But I didn’t expect to see him

am motivated to write on Joe Turner’s topic, “But I Didn’t See Him!” (May 2016, p. 36). I will not focus on the physical inability to see motorcyclists as Mr. Turner does, but rather on the mental inability to do so. I don’t refer strictly to angular invisibility, as Mr. Turner does, but to the situation in which an automobile facing us turns left across our lane in front of us – a situation which is common and about which I have read there are many accidents where the motorcyclist loses. I was taught, as Mr. Turner wisely cautions, “Never assume a car driver sees you.” I was also taught that, in this left-turn situation, one should seek to establish actual eye contact with the driver of the oncoming car, and still assume he’ll turn left in front of you. That is unless your eye contact persuades you, perhaps with waves and head nods, that the oncoming driver actually sees you, acknowledges your presence, understands you have the right-of-way and is prepared to yield it to you.

M y musing about this left-turn situation includes a point I read years ago, that the most visible vehicle to a car driver is a motorcycle policeman. That got me thinking that there is some mental function going on wherein the brain seems to prioritize risks. So in traffic, the oncoming driver sees the motorcycle policeman but does not see a non-police motorcycle. The oncoming driver will rarely turn left in the face of an oncoming massive truck, and probably not in front of the average car. I had a relevant experience in which I was driving my 1941 Packard.

I was proceeding westward on the main street through the town in which I live. A woman was driving a car east toward me in the opposite lane. Suddenly the woman turned left in front of me as if I wasn’t there. Fortunately a Packard has excellent brakes, which I used suddenly and to good effect.
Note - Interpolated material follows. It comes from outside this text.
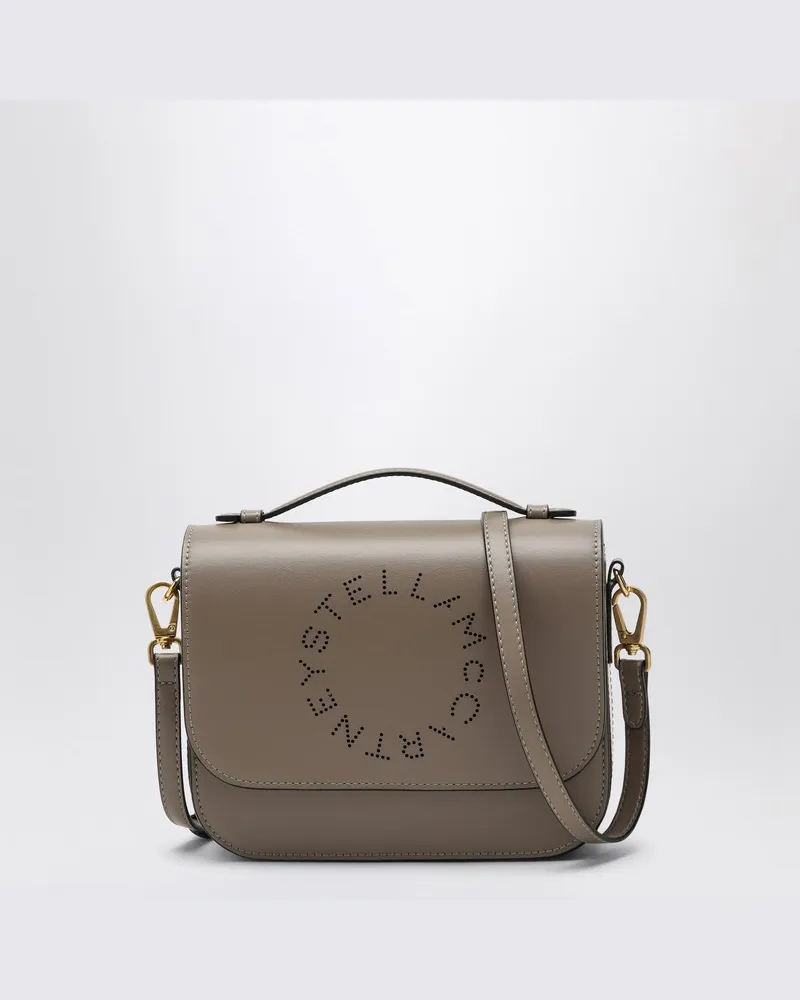 Stella McCartney Schultertasche mit taubenfarbenem Logo Braun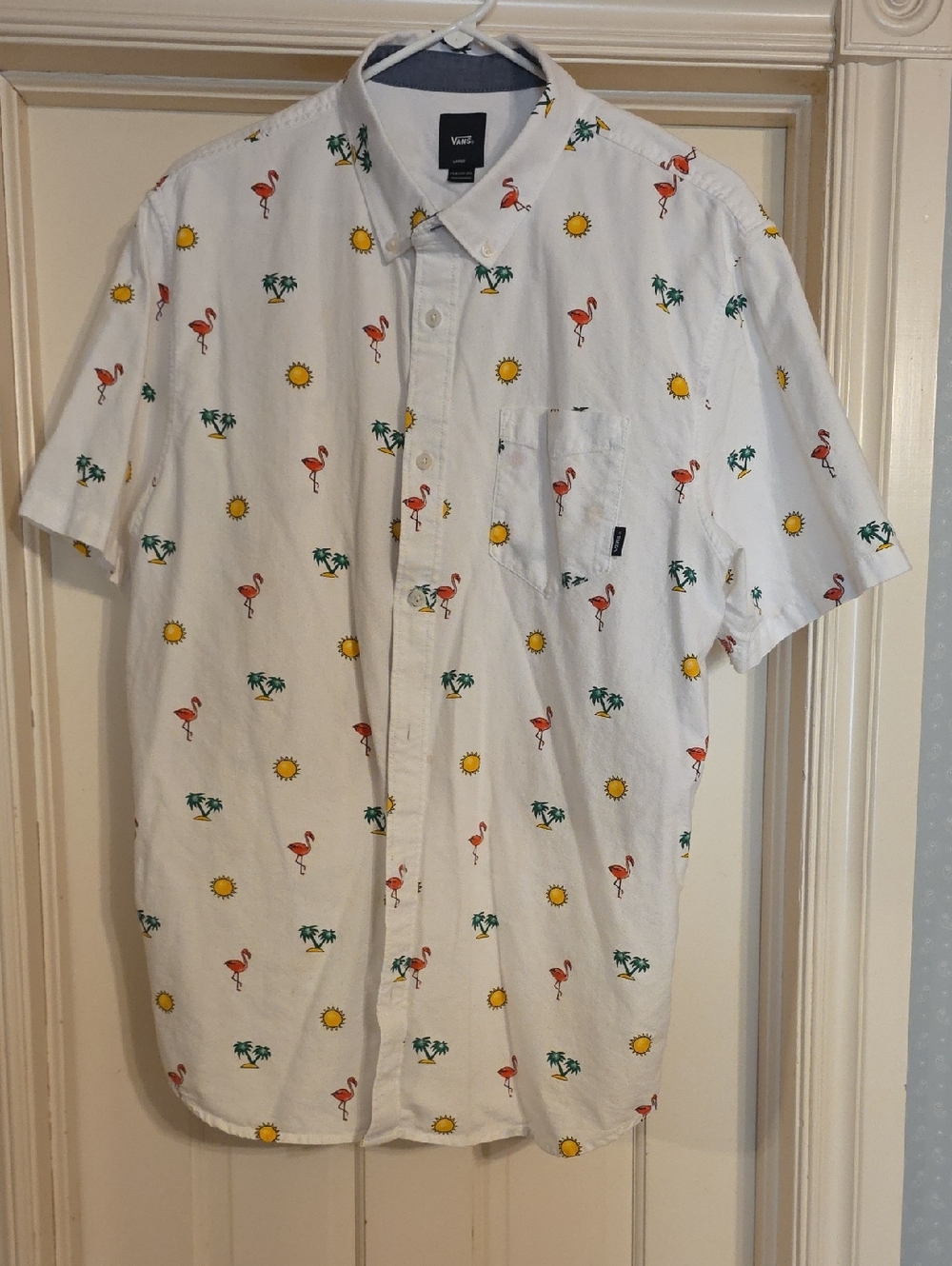 Vans White Short-Sleeve Button-Up with Flamingo & Sun Print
I think the woman never saw me. And I began to figure that perhaps she didn’t see me because her experience hasn’t included seeing cars such as a Packard. Her brain simply didn’t register a risk.

I have come to think that our brains have a subconscious automatic risk-assessment and prioritizing ability. The brain registers risk if oncoming traffic is oversized or a commonly seen vehicle. It registers low or no risk if the oncomer is a motorcyclist, unless the motorcyclist is clearly the police. Once while on my Wing, waiting at a red light, an elderly lady walked up to me and addressed me as “Officer.” I figured she saw (1) my big bike – a 1975 Gold Wing with large white fairing, and (2) its driver wearing a full-face white helmet. The lady’s mind registered me as police, and therefore, approachable for information.

I think this subconscious auto-prioritizing is going to be increasingly important to motorcyclists as automobiles acquire new electronic competence and other digital gadgets take hold in our lives. Thanks to Joe Turner for his excellent article. I’m sure he joins me in wishing us all: Keep the rubber on the road!